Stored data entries
★ ★ ★
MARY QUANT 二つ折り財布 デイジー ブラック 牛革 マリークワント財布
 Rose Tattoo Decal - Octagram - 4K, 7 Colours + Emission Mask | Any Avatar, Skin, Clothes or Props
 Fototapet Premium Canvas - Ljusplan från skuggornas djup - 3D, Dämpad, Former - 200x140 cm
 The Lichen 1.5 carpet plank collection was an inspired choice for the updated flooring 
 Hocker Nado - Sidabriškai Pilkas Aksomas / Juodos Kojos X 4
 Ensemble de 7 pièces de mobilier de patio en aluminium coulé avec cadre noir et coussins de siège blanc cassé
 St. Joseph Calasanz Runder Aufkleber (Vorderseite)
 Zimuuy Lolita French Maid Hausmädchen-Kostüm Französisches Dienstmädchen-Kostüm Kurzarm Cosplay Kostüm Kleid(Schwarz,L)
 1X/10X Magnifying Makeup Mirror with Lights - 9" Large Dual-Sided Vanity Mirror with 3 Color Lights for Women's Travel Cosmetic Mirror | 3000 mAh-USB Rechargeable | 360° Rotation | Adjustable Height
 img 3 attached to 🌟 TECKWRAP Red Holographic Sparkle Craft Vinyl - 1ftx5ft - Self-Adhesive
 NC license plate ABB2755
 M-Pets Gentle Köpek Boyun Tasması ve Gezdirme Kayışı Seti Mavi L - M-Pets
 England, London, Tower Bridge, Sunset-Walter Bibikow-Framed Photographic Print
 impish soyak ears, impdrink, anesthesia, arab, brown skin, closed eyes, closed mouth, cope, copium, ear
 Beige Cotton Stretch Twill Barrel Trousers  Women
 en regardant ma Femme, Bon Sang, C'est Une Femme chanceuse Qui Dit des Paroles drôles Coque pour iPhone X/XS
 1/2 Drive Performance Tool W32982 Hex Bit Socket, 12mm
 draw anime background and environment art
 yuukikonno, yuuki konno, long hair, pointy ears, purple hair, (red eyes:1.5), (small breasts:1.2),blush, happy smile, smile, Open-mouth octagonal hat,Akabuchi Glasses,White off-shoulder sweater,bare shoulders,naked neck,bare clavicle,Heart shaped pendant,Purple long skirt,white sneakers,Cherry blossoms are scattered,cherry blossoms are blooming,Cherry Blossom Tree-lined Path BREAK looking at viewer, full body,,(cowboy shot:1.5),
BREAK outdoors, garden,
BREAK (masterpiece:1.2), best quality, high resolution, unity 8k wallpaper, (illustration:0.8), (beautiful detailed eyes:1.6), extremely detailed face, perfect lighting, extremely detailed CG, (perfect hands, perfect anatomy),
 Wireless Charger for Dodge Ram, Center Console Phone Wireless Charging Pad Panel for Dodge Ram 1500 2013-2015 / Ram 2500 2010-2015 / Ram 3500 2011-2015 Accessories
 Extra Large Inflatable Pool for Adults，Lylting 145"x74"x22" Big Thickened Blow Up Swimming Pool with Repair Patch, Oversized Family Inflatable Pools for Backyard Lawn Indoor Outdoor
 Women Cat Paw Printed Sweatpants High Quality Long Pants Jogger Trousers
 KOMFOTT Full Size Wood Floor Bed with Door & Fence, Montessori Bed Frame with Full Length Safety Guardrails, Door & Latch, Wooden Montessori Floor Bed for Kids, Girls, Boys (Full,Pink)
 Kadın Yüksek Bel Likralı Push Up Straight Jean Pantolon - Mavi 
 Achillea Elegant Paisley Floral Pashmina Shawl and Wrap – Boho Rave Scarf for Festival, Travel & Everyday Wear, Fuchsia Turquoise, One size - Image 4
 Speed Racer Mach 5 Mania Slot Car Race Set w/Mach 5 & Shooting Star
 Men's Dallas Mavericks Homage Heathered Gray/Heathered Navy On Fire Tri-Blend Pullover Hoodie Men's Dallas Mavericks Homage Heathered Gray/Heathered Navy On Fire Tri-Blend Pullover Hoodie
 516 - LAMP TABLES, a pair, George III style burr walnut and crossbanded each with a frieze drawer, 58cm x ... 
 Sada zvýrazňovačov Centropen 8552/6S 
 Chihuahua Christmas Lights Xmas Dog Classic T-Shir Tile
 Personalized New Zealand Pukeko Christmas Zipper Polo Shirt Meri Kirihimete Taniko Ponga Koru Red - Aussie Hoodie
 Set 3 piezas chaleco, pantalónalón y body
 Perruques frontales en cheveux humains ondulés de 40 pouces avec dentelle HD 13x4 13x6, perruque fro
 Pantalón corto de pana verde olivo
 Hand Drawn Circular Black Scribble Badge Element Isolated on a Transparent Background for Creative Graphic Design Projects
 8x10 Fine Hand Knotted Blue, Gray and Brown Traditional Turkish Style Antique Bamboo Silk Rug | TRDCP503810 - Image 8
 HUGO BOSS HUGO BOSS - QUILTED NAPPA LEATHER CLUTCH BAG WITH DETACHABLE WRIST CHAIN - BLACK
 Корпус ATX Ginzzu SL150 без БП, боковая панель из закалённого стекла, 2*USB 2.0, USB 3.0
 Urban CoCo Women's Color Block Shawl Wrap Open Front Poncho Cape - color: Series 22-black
★ ★ ★
- EXERCISE
Using the entries above, give again each line from the one containing "8x10 Fine Hand" through the last line, exactly and only those.

- EXERCISE RESPONSE
 8x10 Fine Hand Knotted Blue, Gray and Brown Traditional Turkish Style Antique Bamboo Silk Rug | TRDCP503810 - Image 8
 HUGO BOSS HUGO BOSS - QUILTED NAPPA LEATHER CLUTCH BAG WITH DETACHABLE WRIST CHAIN - BLACK
 Корпус ATX Ginzzu SL150 без БП, боковая панель из закалённого стекла, 2*USB 2.0, USB 3.0
 Urban CoCo Women's Color Block Shawl Wrap Open Front Poncho Cape - color: Series 22-black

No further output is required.